The Supreme Court heard arguments for and against race-based preferences in college admissions this morning, and it doesn’t look good for the pro-affirmative action side. The New York Times‘ Adam Liptak reports:
A majority of the Supreme Court justices seemed unpersuaded on Wednesday that an affirmative action plan at the University of Texas was constitutional. But the member of the Supreme Court who almost certainly holds the crucial vote, Justice Anthony M. Kennedy, devoted almost all of his questions to exploring whether the case should be returned to the trial court to allow the university to submit more evidence to justify its use of race in deciding which students to admit.
By the end of the unusually long and tense argument, Justice Kennedy indicated that the Supreme Court might have all the evidence needed to decide the case. That could mean that the Texas admissions plan is in peril and that affirmative action at colleges and universities around the nation may be in trouble as well.
We aren’t legal scholars here at Via Meadia, so we don’t have much to add to the constitutional arguments surrounding this case. Suffice it to say that while we are skeptical of the ability of the Court to craft a one-size-fits-all solution that works for all 50 U.S. states and all 3,000 U.S. colleges, we also believe that “dealing with historical injustice is a hugely difficult task, and there is little sign that today’s bureaucratic diversity industry is up to the job—or really even very interested in the job.”
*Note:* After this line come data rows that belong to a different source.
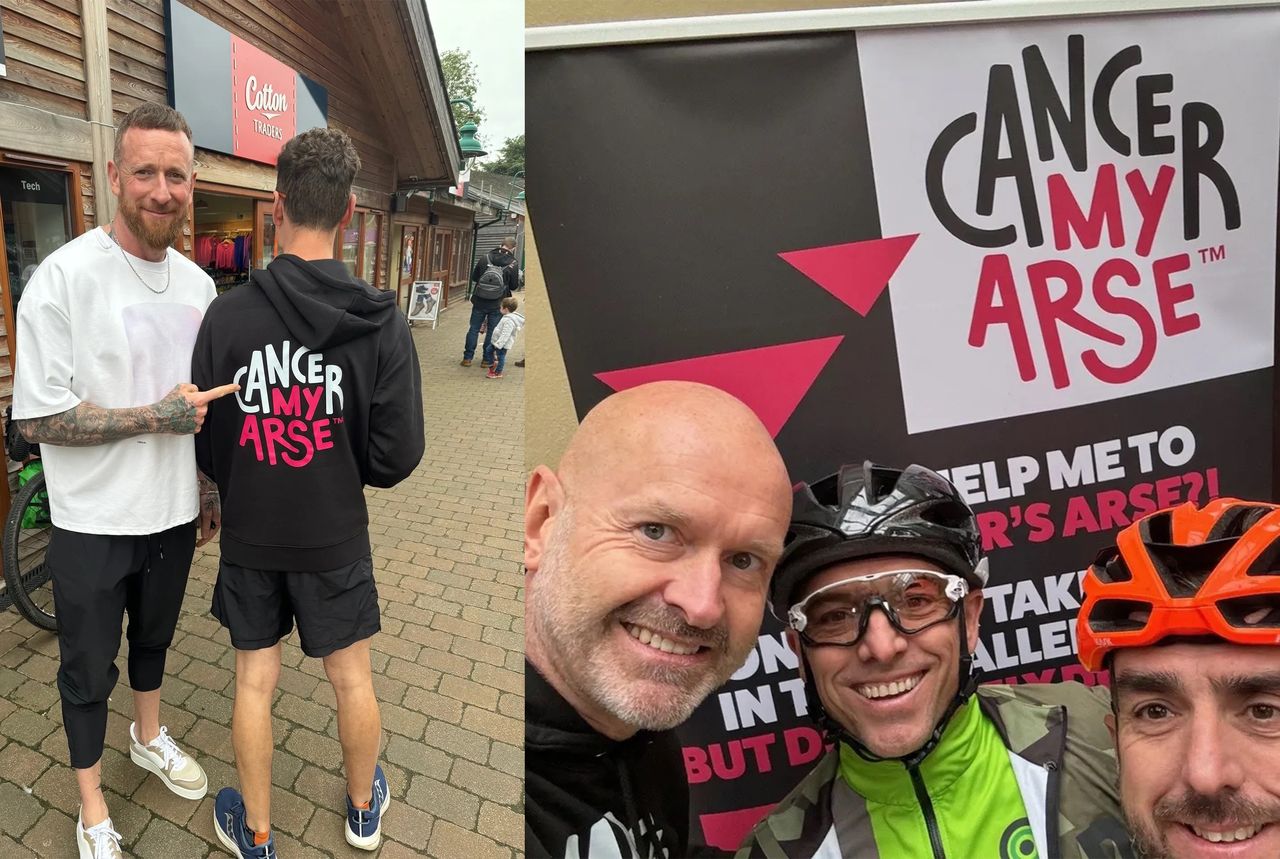 Bradley Wiggins with a Cancer My Arse hoodie, and Kev Griffiths with supporters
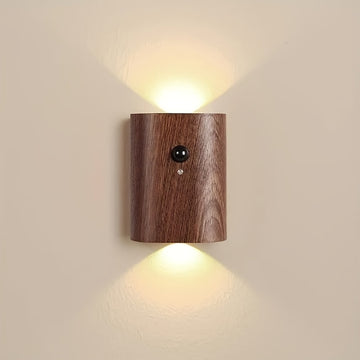 1pc Luz de Pared LED Moderna con Sensor de Movimiento y Alimentación USB - Madera Maciza, Brillo Ajustable, Batería Recargable de 800mAh, Ideal para Escaleras y Pasillos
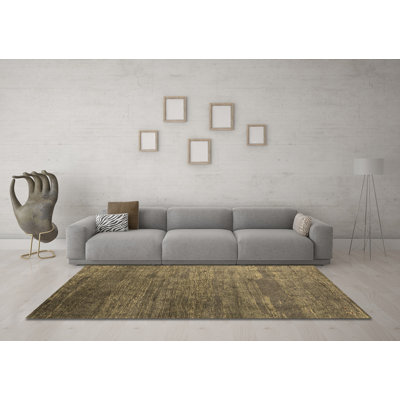 Tapis contemporains brun lavable à la machine 2734
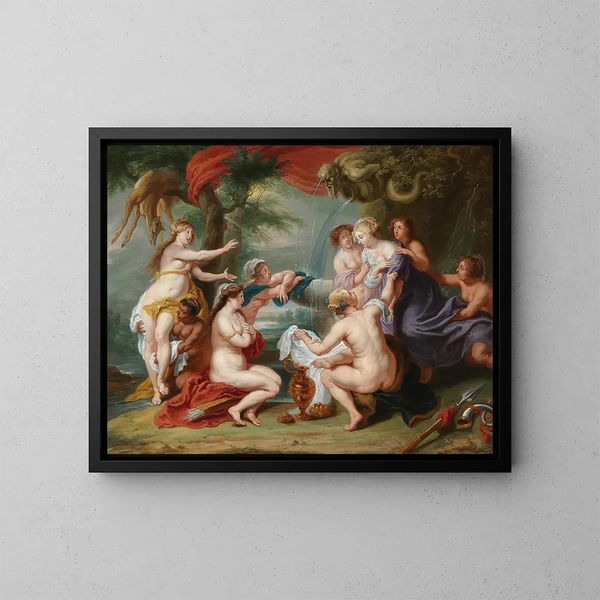 Diane entdeckt die Schwangerschaft von Callisto - Schule von Peter Paul Rubens — gerahmtes Bild an der Wand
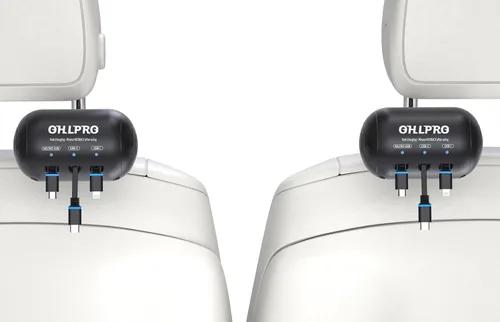 OHLPRO Cargador retráctil para asiento trasero de automóvil [2 unidades], estación de carga múltiple 3 en 1 con USB-C/USB-i/Micro-USB, carga rápida
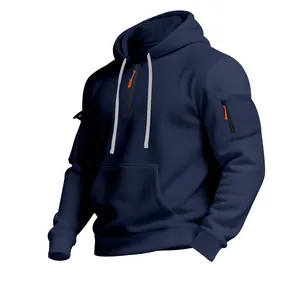 Marineblauer Herren-Fleece-Hoodie mit Halbreißverschluss und Reißverschlusstasche am Arm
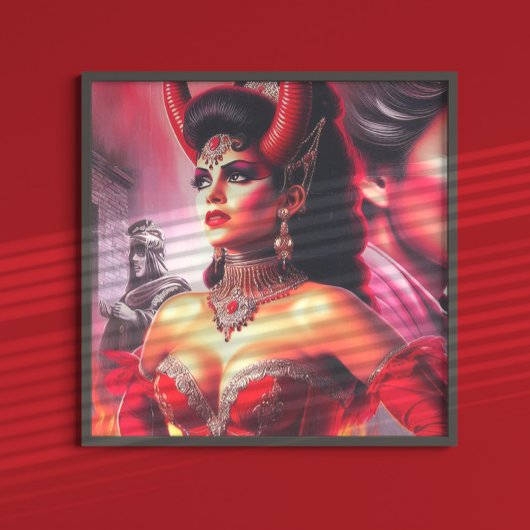 Vintage Devilish Woman Poster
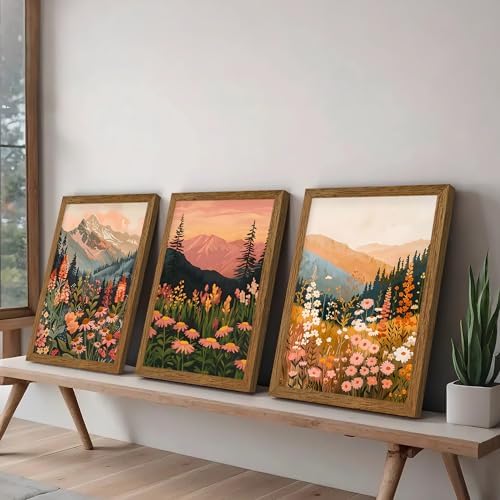 3 Piece Wildflower Mountain Wall Art Colorful Landscape Canvas Art 16x24in - Image 5
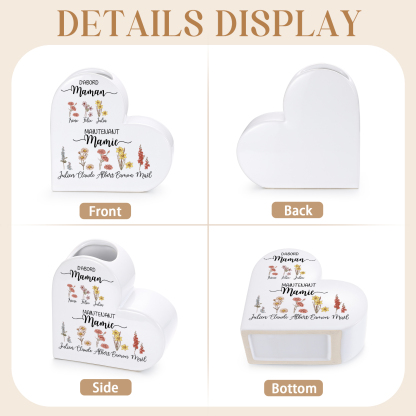 Vase Cœur en Céramique Personnalisé 2 à 10 Prénoms et Fleurs de Naissance,cadeau Fête des Mères pour Mamie Maman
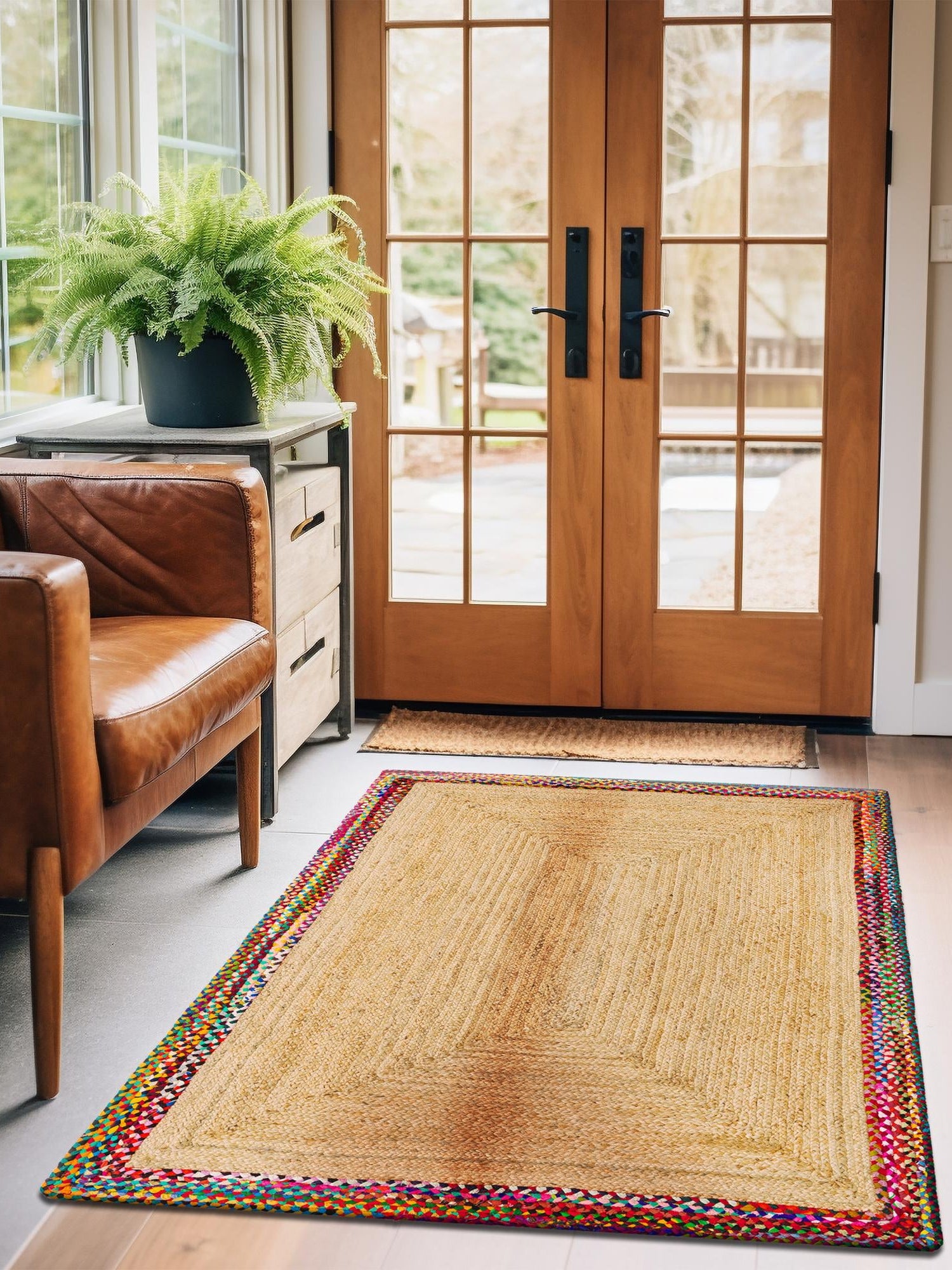 Natural 6' 1 x 9' Braided Jute Rectangle Area Rug 100% Jute Hand Braided Natural Eco-Friendly Boho Style Carpet for Living Rooms Dining Office Space Dorms for Sale at Rug Engine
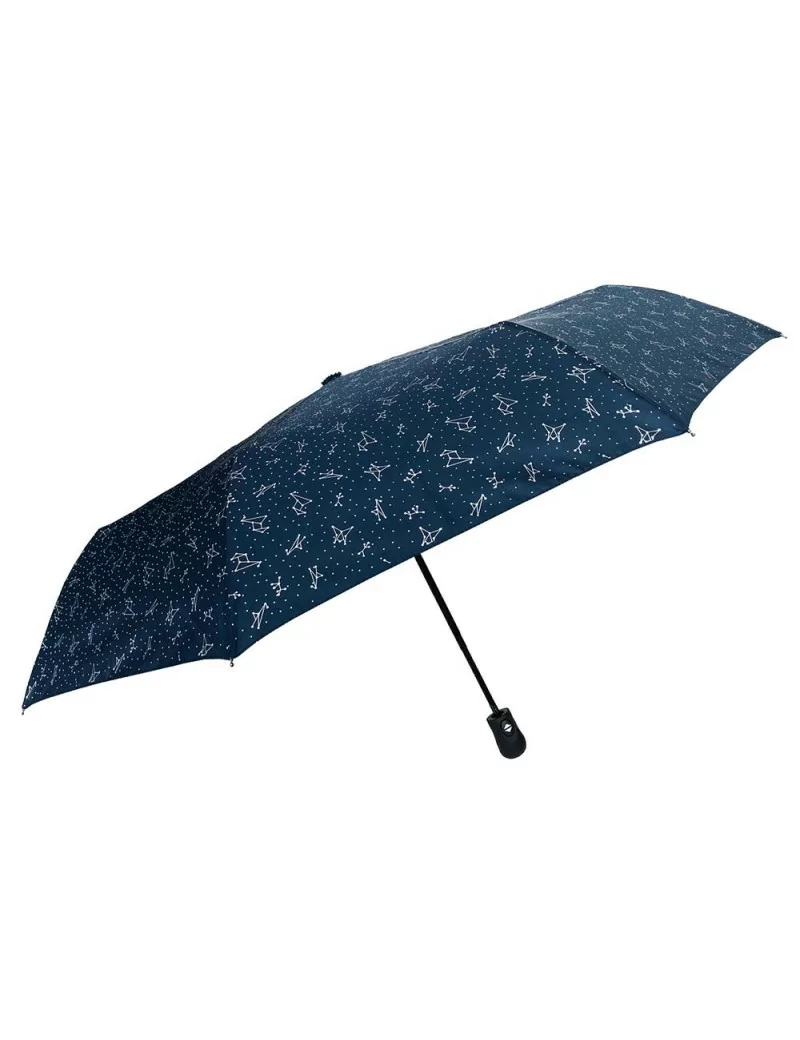 Smati parapluie pliant bleu avec constellation argentée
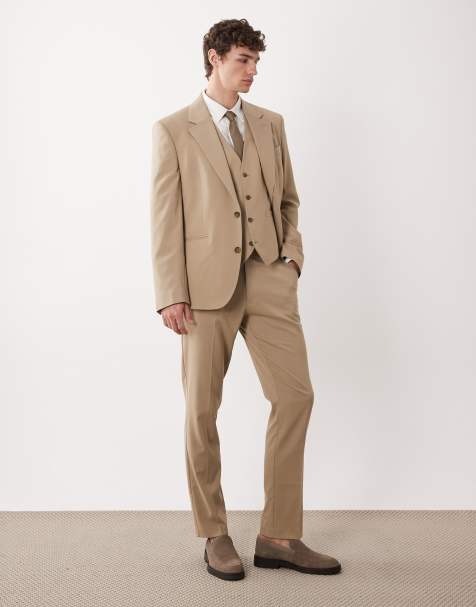 ASOS DESIGN slim fit suit in stone colour - view 1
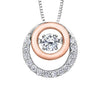 White Gold Canadian Diamond Pulse Pendant Necklace.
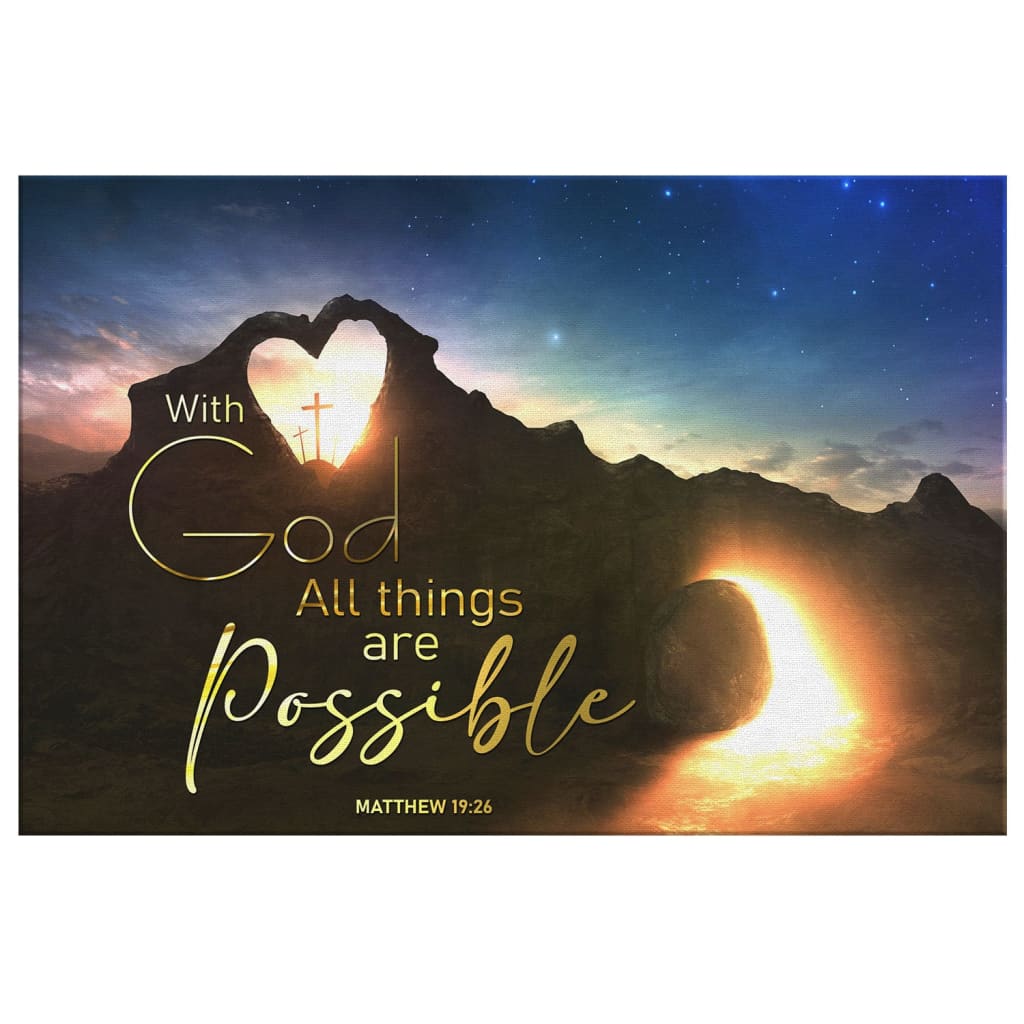 Christian Easter Gifts - With God All Things Are Possible Wall Art Canvas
In any case, focusing narrowly on race in admissions distracts from some of the broader injustices in the American higher education system. College tuition is skyrocketing, thanks to heavy-handed federal regulations, overly generous subsidies, and the perpetually enlarging academic bureaucracy. Prohibitive costs may do more to prevent underprivileged students from getting an education than admissions policies. Moreover, we have set up a grotesquely unfair system in which elite schools are the gatekeepers to elite status, handicapping millions of talented students who didn’t want to go to elite schools, or who weren’t focused on academics at age 17. If our society were less obsessed with the value of fancy college degrees, the stakes in the affirmative action debate would be lower.
Regardless of how the Court ultimately rules in this case, policymakers and education professionals need to start thinking about ways to overhaul our higher education system so that it is fairer to all young Americans, regardless of their skin color.